- Cieszę się, że spotykamy się na marszu, który jest marszem jednocześnie pamięci i wspomnień – tego, co razem udało nam się zrobić, ale także ma on odniesienie do dnia dzisiejszego. W tym marszu będziemy pamiętali, jakie były wartości Sierpnia; wartości Sierpnia to zwalczanie cenzury, to wolność dla wszystkich i niezgoda na represje polityczne. To możliwość organizowania się zgodnie ze swoimi zasadami w związki zawodowe, stowarzyszenia – mówił Bogdan Borusewicz, wicemarszałek Senatu i opozycjonista czasów PRL. - To także była walka o niezależne sądy, bo przecież czuliśmy, wiedzieliśmy, co to znaczy sądy podporządkowane władzy politycznej. O tym wszystkim trzeba dzisiaj przypominać i o tym wszystkim będziemy pamiętali maszerując, i będziemy maszerowali teraz, w przyszłości i w kolejnych latach. Jeżeli oni uważają, że nas nogi zabolą, to się mylą – zaznaczył.
Z flagami Polski, Unii Europejskiej, Gdańska, Pomorza, Komitetu Obrony Demokracji, Wszystko dla Gdańska, Amnesty International, Białorusi, Ukrainy i tęczową oraz 9-metrową „sektorówką” w biało-czerwono-białych, białoruskich barwach uczestnicy demonstracji w 41. rocznicę Porozumień Sierpniowych przemaszerowali spod pomnika Jana III Sobieskiego pod historyczną Bramę nr 2 Stoczni Gdańskiej.

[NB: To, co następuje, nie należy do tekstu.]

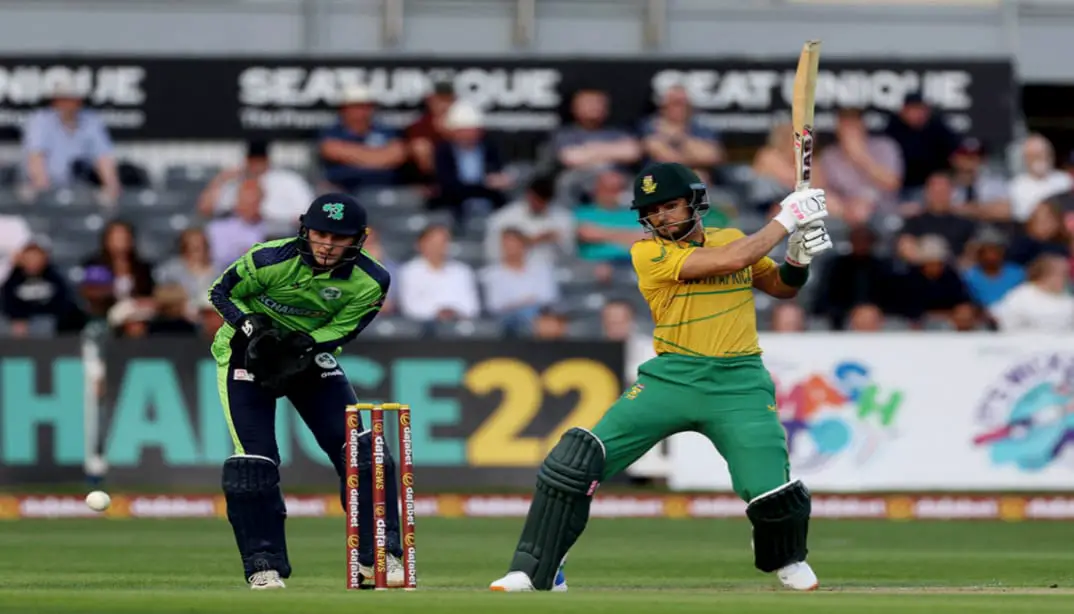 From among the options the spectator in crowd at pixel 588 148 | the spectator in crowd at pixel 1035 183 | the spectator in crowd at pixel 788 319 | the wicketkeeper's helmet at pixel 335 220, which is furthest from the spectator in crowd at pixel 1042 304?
the wicketkeeper's helmet at pixel 335 220

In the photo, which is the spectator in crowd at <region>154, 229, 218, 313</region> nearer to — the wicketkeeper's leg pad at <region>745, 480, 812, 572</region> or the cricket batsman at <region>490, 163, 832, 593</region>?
the cricket batsman at <region>490, 163, 832, 593</region>

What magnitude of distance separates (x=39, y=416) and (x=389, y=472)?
8.04 m

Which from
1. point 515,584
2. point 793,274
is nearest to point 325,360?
point 515,584

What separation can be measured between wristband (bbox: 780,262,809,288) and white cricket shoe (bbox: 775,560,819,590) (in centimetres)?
126

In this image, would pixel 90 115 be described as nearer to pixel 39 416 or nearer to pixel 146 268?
pixel 146 268

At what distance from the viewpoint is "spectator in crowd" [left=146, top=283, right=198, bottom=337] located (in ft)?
57.8

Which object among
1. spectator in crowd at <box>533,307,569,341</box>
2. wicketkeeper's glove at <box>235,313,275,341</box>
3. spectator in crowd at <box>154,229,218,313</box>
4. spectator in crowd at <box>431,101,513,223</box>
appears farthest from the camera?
spectator in crowd at <box>431,101,513,223</box>

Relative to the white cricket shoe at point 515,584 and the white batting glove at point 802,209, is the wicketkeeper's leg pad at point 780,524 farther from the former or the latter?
the white batting glove at point 802,209

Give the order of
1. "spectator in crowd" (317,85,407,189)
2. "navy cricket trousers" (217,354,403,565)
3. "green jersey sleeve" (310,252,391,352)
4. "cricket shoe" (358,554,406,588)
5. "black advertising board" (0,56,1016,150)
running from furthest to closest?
"black advertising board" (0,56,1016,150), "spectator in crowd" (317,85,407,189), "green jersey sleeve" (310,252,391,352), "navy cricket trousers" (217,354,403,565), "cricket shoe" (358,554,406,588)

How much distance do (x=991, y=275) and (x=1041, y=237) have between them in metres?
0.61

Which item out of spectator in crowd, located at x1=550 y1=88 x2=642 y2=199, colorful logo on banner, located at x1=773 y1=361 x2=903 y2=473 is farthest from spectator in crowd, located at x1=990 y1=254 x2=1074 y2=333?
spectator in crowd, located at x1=550 y1=88 x2=642 y2=199

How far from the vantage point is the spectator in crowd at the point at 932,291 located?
18609 mm

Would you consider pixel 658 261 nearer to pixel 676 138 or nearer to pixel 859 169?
pixel 676 138

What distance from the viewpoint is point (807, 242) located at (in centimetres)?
943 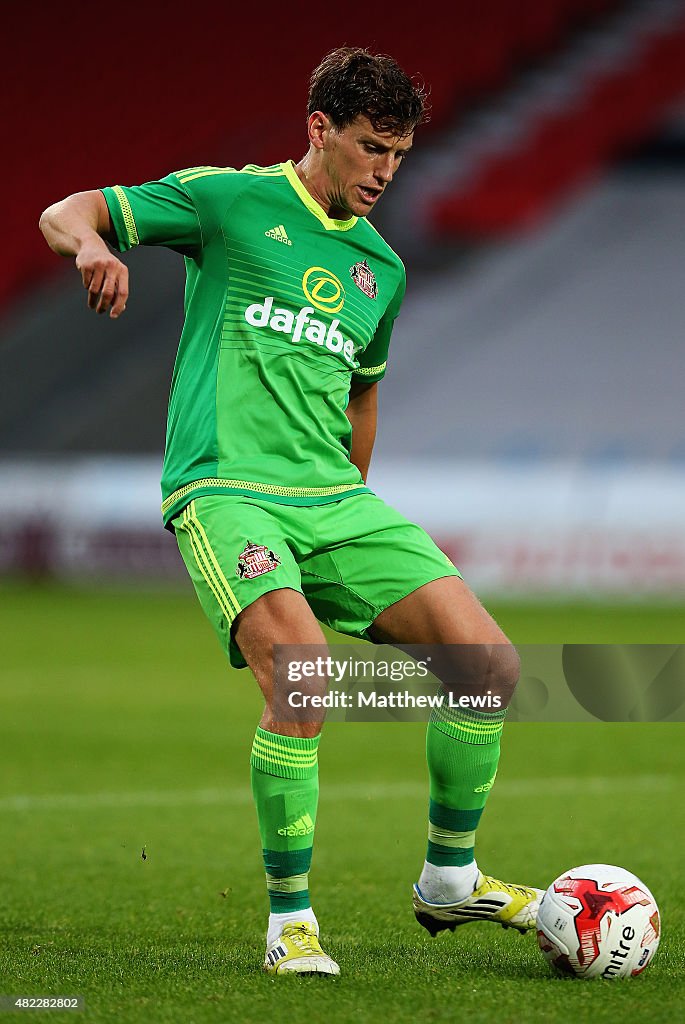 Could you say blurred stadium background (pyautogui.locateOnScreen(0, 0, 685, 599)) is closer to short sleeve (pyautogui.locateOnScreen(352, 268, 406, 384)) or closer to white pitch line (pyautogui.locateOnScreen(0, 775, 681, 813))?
white pitch line (pyautogui.locateOnScreen(0, 775, 681, 813))

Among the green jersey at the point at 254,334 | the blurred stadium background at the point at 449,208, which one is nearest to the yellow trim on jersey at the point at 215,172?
the green jersey at the point at 254,334

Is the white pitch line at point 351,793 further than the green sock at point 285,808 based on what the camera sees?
Yes

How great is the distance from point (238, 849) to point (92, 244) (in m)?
2.66

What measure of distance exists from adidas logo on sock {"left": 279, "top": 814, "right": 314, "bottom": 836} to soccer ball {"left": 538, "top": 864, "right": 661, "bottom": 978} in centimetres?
62

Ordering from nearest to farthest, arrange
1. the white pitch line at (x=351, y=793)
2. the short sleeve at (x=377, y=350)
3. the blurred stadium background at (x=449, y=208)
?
the short sleeve at (x=377, y=350) → the white pitch line at (x=351, y=793) → the blurred stadium background at (x=449, y=208)

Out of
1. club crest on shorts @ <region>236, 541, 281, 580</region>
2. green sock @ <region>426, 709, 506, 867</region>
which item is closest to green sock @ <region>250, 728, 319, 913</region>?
club crest on shorts @ <region>236, 541, 281, 580</region>

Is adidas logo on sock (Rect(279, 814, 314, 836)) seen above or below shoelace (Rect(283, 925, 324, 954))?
above

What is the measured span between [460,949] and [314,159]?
82.7 inches

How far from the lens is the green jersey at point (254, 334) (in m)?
3.75

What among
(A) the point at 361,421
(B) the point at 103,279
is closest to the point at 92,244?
(B) the point at 103,279

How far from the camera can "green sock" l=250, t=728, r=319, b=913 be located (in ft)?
11.3

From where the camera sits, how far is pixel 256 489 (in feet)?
12.2

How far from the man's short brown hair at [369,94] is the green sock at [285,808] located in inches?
61.6

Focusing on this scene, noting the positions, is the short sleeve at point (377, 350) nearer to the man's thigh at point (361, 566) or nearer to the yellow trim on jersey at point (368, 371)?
the yellow trim on jersey at point (368, 371) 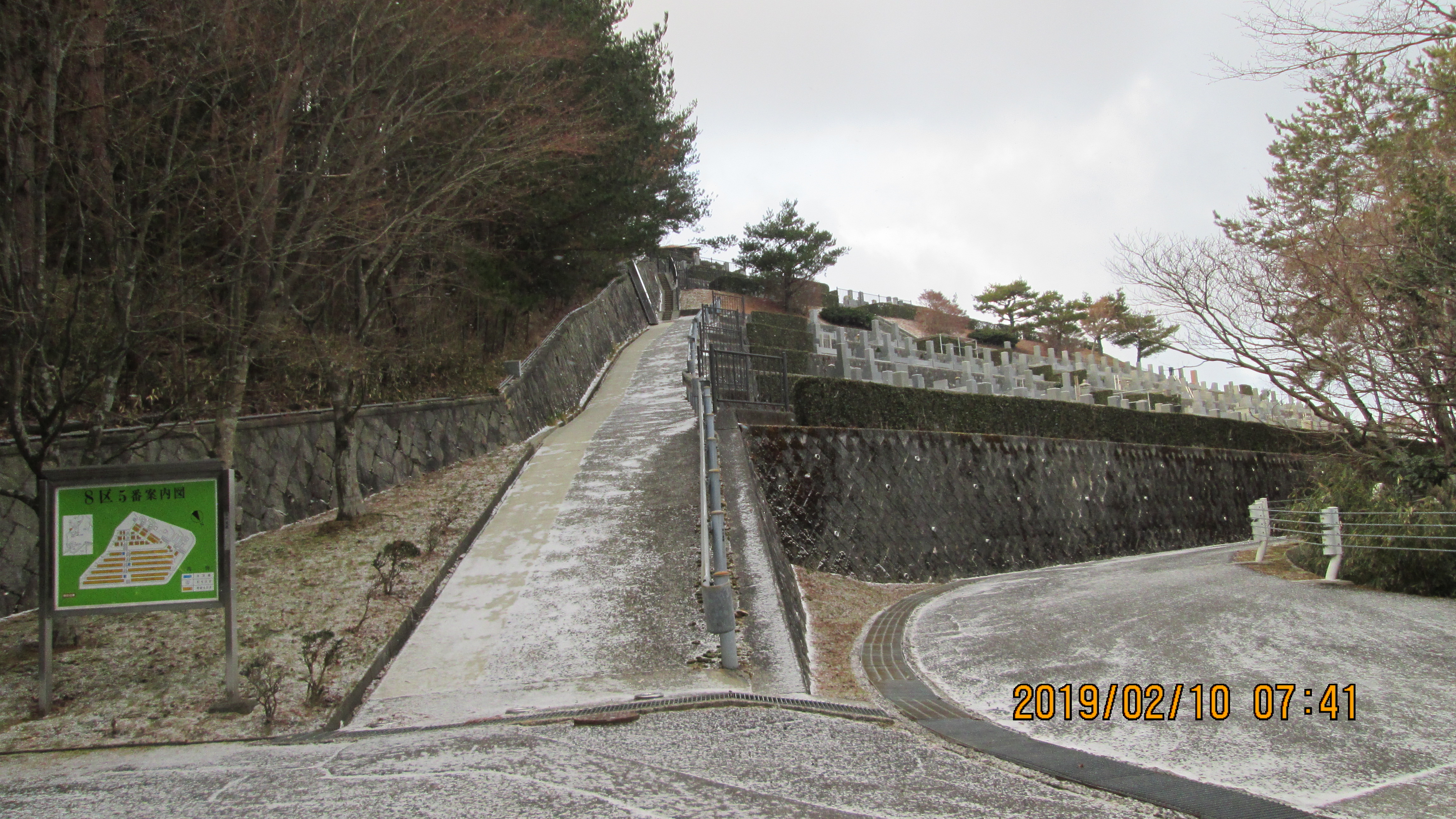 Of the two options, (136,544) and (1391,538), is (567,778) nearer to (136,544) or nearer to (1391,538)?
(136,544)

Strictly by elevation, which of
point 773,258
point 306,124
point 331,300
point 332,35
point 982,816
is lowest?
point 982,816

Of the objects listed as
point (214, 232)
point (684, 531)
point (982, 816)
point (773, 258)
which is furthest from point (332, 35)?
point (773, 258)

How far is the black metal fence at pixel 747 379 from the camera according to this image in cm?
1350

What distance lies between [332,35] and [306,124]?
1.08 meters

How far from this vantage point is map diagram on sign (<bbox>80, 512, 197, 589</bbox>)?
6.57m

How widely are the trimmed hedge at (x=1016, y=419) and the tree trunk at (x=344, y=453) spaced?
6.03m

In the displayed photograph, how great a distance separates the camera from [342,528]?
1114cm

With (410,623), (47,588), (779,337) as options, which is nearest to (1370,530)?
(410,623)

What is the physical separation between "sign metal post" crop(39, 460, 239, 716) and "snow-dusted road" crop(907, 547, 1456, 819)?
17.6 ft

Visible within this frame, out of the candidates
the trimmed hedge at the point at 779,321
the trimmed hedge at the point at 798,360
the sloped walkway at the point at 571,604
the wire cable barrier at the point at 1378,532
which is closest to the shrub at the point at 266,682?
the sloped walkway at the point at 571,604

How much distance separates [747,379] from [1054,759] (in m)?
9.17

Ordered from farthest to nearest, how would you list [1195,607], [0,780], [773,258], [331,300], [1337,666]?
1. [773,258]
2. [331,300]
3. [1195,607]
4. [1337,666]
5. [0,780]

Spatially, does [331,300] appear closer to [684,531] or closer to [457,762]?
[684,531]

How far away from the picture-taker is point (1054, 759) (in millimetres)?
5105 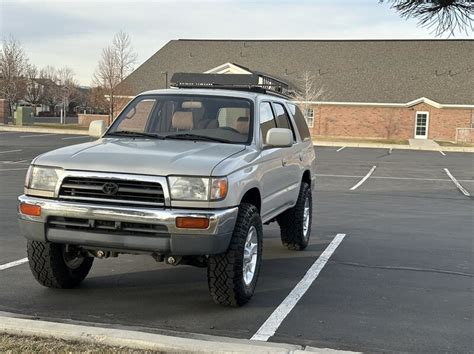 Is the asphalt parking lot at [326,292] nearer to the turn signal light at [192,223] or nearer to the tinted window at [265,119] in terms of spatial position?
the turn signal light at [192,223]

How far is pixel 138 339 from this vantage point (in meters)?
4.07

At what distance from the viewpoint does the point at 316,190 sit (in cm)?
1534

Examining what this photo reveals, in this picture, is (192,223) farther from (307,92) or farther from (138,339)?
(307,92)

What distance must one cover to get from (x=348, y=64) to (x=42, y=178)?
42.8m

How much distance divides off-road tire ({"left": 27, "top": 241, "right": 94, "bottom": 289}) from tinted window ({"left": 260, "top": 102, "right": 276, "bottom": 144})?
2.36m

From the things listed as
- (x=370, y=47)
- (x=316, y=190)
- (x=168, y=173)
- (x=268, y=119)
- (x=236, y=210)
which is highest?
(x=370, y=47)

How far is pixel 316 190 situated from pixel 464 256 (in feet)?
25.1

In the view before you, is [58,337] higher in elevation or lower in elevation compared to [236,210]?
lower

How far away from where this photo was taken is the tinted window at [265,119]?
6.25 metres

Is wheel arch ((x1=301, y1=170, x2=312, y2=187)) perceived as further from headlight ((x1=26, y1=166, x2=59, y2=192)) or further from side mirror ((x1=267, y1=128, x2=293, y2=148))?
headlight ((x1=26, y1=166, x2=59, y2=192))

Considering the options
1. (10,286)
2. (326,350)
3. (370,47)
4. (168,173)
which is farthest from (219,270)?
(370,47)

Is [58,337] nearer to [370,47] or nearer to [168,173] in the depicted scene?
[168,173]

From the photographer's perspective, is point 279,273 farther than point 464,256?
No

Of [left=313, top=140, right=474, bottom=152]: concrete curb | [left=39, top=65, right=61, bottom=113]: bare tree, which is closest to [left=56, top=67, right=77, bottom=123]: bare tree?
[left=39, top=65, right=61, bottom=113]: bare tree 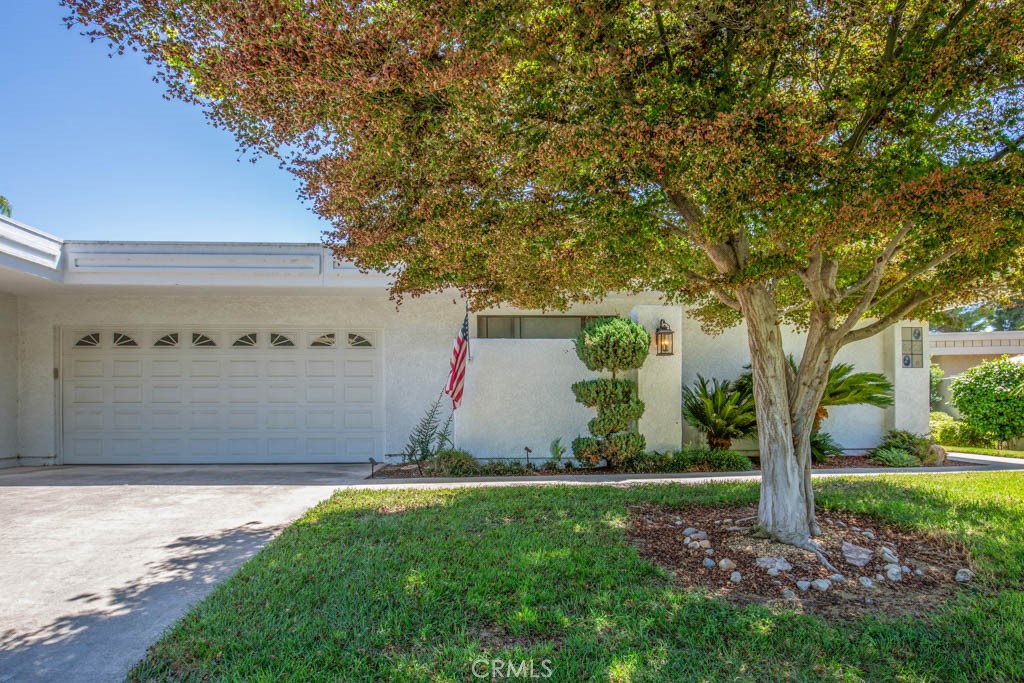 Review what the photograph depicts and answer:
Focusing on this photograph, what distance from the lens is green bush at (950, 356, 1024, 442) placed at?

- Żywie Bielarus! Żywie Bielarus! - skandowali uczestnicy pochodzy, którzy wykrzykiwali także m.in: - Solidarność, naszą bronią!
W marszu udział wzięli m.in. Danuta Wałęsa, prezydent Gdańska – Aleksandra Dulkiewicz i Sopotu – Jacek Karnowski, posłanki Henryka Krzywonos-Strycharska i Małgorzata Chmiel czy marszałek województwa – Mieczysław Struk. Pod Bramą nr 2 – jako finał przemarszu – odbył się „Wiec dla Europy”.